La evolución de la economía turca en el siglo XXI no difiere demasiado de la vivida por el resto de las llamadas «emergentes»: una moneda devaluada, mano de obra barata y recursos naturales en abundancia prometían el terreno idóneo para que los empresarios europeos y estadounidenses pudieran reducir sus costes de producción, y así estos países se vieron ampliamente beneficiados por un largo proceso de deslocalización industrial. Con la llegada de la crisis económica esta tendencia se extendió también a los mercados financieros, ya que los inversores se volvieron más proclives a comprar títulos de países emergentes y así compensar la caída de las rentabilidades en Estados Unidos y Europa. Se trataba, en definitiva, de apostar por mercados nuevos y en crecimiento, obteniendo más beneficios aún al precio de asumir mayores riesgos.
Por su parte, algunos factores como la posición estratégica entre Asia y Europa, la apertura comercial y el control de oleoductos y gasoductos permitieron que Turquía se viera especialmente beneficiada por la deslocalización. De esta manera, el PIB nominal se ha triplicado desde el año 2000, y sectores como el textil, el metalúrgico o la construcción han vivido una época de crecimiento sin precedentes en la historia del país.
Otro gran beneficiado por la afluencia de capitales extranjeros ha sido el sector público, ya que la capacidad de endeudarse a tasas de interés más bajas ha permitido a los sucesivos gobiernos aumentar el gasto social y financiar la construcción de numerosas infraestructuras que pudieran sacar al país de su atraso secular.

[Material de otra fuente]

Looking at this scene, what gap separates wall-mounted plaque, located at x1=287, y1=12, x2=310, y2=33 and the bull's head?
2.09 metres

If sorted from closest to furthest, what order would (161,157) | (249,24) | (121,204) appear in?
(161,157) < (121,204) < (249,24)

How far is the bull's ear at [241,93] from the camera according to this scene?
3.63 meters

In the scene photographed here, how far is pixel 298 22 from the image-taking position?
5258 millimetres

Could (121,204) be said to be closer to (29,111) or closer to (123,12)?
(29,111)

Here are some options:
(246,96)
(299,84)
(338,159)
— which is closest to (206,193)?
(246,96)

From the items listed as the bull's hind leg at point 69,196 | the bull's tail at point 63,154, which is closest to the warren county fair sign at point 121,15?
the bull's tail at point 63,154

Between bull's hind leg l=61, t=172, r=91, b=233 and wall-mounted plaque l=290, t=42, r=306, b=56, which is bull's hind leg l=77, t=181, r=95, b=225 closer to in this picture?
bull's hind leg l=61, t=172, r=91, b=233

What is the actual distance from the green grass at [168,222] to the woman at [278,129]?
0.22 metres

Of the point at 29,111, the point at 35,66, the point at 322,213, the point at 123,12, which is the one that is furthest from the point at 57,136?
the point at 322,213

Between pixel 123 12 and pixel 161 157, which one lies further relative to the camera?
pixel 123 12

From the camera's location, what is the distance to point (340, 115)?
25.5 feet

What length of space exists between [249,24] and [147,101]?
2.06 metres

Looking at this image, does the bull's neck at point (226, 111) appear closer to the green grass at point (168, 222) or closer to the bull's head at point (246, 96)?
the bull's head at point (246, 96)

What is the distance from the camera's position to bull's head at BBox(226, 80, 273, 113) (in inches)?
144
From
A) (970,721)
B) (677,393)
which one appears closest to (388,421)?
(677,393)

Así funcionó durante muchos años lo que parecía un perfecto círculo virtuoso: los bancos centrales de Europa y Estados Unidos imprimían cada vez más dinero, lo que hacía descender las tasas de rentabilidad en los mercados domésticos y generaba continuos excesos de liquidez que se colocaban en los mercados emergentes, entre los cuales Turquía ocupaba un lugar destacado. Una vez en el país los capitales estimulaban el crecimiento y la creación de empleo, potenciando tanto el consumo interno como las exportaciones. Ni siquiera la única objeción que solía plantearse al modelo (el incremento constante de la deuda externa) parecía tener demasiada importancia, ya que un flujo siempre creciente de divisas extranjeras fortalecía a la lira turca y así el efecto del endeudamiento quedaba paliado al menos parcialmente. Parecía la receta definitiva del éxito, lo que explica que ningún gobierno en estos años se planteara cambiar el rumbo de la política económica. Al fin y al cabo, ¿qué podía salir mal?

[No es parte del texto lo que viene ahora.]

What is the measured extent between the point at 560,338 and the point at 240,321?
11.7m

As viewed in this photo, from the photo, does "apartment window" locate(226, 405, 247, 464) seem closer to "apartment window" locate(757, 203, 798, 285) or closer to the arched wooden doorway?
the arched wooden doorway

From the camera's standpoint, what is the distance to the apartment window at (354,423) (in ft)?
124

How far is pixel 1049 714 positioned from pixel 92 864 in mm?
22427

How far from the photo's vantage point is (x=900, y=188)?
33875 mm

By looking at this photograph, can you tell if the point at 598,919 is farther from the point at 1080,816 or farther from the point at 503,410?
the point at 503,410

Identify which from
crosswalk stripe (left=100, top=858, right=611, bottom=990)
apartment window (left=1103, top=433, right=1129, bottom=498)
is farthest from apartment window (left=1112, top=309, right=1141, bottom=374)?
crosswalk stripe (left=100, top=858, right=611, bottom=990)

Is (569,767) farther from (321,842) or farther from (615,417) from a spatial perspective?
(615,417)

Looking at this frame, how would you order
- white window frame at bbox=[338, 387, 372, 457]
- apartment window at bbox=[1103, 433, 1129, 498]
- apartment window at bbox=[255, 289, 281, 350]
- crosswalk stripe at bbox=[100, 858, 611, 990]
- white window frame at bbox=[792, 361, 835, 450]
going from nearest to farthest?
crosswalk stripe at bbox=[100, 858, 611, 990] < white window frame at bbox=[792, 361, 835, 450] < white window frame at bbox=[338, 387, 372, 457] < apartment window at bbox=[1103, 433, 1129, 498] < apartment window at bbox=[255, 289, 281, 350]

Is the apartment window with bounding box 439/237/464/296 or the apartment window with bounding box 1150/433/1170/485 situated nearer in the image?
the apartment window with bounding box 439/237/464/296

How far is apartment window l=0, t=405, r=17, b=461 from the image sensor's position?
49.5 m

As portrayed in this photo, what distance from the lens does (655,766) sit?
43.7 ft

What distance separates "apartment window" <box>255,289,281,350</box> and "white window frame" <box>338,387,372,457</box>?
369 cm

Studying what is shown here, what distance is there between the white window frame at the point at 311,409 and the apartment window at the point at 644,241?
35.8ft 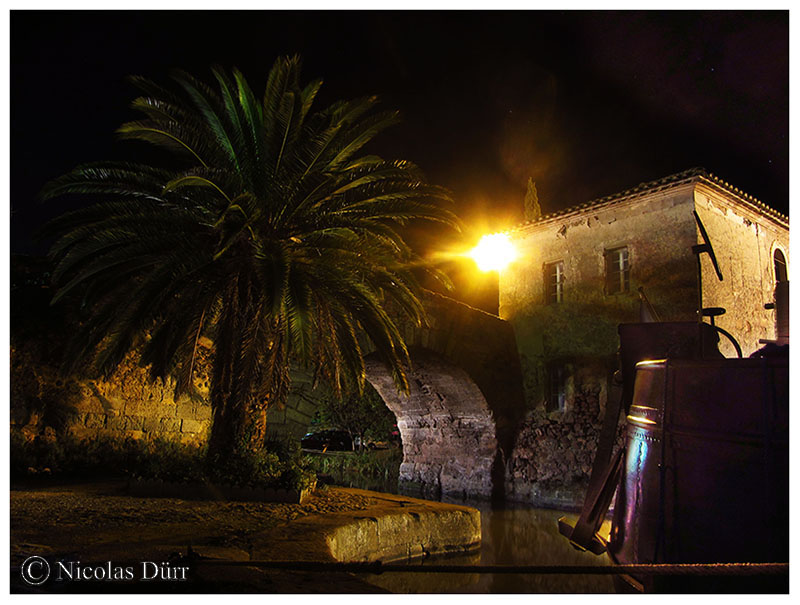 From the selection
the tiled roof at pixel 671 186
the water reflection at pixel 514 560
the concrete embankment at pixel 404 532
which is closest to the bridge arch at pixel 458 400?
the water reflection at pixel 514 560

Problemas en los mercados emergentes
La sostenibilidad del modelo dependía exclusivamente de que siguieran llegando capitales desde los mercados financieros internacionales, y de que lo hicieran a un ritmo siempre creciente
Aunque pueda sorprendernos la rapidez con la que han cambiado las perspectivas para la economía turca, lo cierto es que los primeros signos de debilidad comenzaron a verse en el verano de 2015, con los sobresaltos que desde la bolsa china asustaban a los inversores. Si bien afortunadamente el problema no llegó a contagiar demasiado a Turquía, en los mercados emergentes ya comenzaba a percibirse un cierto agotamiento tras años de sobreinversión a la vez que se dejaban oír las primeras alertas sobre la vuelta del fantasma de la volatilidad financiera.
Desde entonces la economía turca parecía mantener su buena salud, pero cada vez era más evidente que la coyuntura económica internacional se iba haciendo más adversa. La caída de las importaciones chinas, el mantenimiento de los precios del petróleo en niveles relativamente bajos y la ralentización del crecimiento de la oferta monetaria en Europa y Estados Unidos suponían grandes problemas para economías de bajo valor añadido y completamente dependientes tanto de las exportaciones como de la inversión extranjera. Brasil fue la primera en caer en 2014. Turquía aún consiguió cerrar ese año con un crecimiento excepcional (8,91%) a la vez que mantenía un abultado déficit por cuenta corriente (4,67% del PIB), lo que dejaba en evidencia una terrible debilidad de su modelo productivo: a pesar del aumento exponencial de la producción las exportaciones seguían siendo insuficientes para suponer un verdadero motor de crecimiento. Al final, la sostenibilidad del modelo dependía exclusivamente de que siguieran llegando capitales desde los mercados financieros internacionales, y de que lo hicieran a un ritmo siempre creciente ya que de lo contrario la sostenibilidad de la deuda externa podría verse seriamente comprometida.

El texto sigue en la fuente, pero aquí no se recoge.